Ja miałam tak jak Ewa, byłam poinformowana, że operacja będzie tego samego dnia co przyjadę i dlatego miałam być na czczo a dokładniej to mój lekarz operujący powiedział mi żebym po prostu zjadła ostatni raz wieczorem dzień przed.
Rano o 9:00 przyjęcie na oddział i niedługo potem operacja (oczywiście po wywiadzie anestezjologicznym).
Jutro miną mi 4 miesiące od operacji i operacji nie żałuję choć nie doszłam po niej do siebie tak szybko jak niektórzy tutaj.
Jestem już po rehabilitacji prywatnej, potem załapałam się na cito na państwową i teraz czekam na kolejną państwową. Niestety w międzyczasie dbając o kręgosłup i nie schylając się po nic tylko kucając uszkodziłam sobie kolana i teraz to ten ból i ten problem spędza mi sen z powiek, czuję się jakby miała dejavu sprzed paru miesięcy, znowu szukam pomocy i latam po lekarzach.
Anja 2013-05-20, 21:51
Czuje , że ze mna bedzie podobnie jak z Tobą Anju rano mam być oprzec 8 więc będę na czczo pobiora wyniki na krew rozmowa z anastazjologiem i operacja.

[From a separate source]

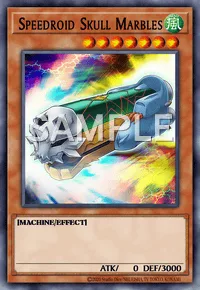 Speedroid Skull Marbles, Yu-Gi-Oh! card, WIND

To duzy szpital w Szczcinie nastawieni na tego typu operacje, czyli idzie to hurtowo.Wstalam dzisiaj nareszcie wyspana wzięlam tableteczkę wieczorem przed snem .Teraz zaczynam szykować co mam zabrac ze soba do tego szpitala . Może podpowiecie mi.
Anula 2013-05-21, 08:15
Anula, ja wzięłam: kapcie (klapki - żeby były od razu do łazienki), szlafrok, piżamę, ręcznik mały i duży, kosmetyki, telefon i książkę, której ostatecznie nawet nie zdążyłam dotknąć ;) Miałam też swoje sztućce i kubek ale u mnie okazało się, że szpital wszystko dawał więc nie było potrzeby mieć swoich. Sam szlafrok zajął pół torby więc jechałam z paroma rzeczami a w dużej torbie podróżnej. W sumie nic specjalnego nie trzeba mieć, ot takie podstawy żeby przetrwać te 2-3 dni :) Trzymaj się, będzie dobrze :)
Anja 2013-05-21, 08:38
Mowia , ze dlugo nie mozna siadac po operacji kregoslupa ledzwiowego. Zastanawia mnie droga powrotna do domu ze szpitala to ok 100km samochodem jak ją zniosę
Aha i jeszcze tak myśle , ze chyba zabiore ze soba spodnie dresowe nawet wygodniej będzie mi w nich jechać tyle km w samochodzie nigdzie nie będą mnie uciskać jak myślicie?
Anula 2013-05-21, 09:10
Anula a Ty sama będziesz jechać autem, czy Cię ktoś przywiezie?
Mnie żona podwiezie, także może rozłożę sobie siedzenie pasażera i będę jakoś leżał.. do szpitala mam jakieś 80 km..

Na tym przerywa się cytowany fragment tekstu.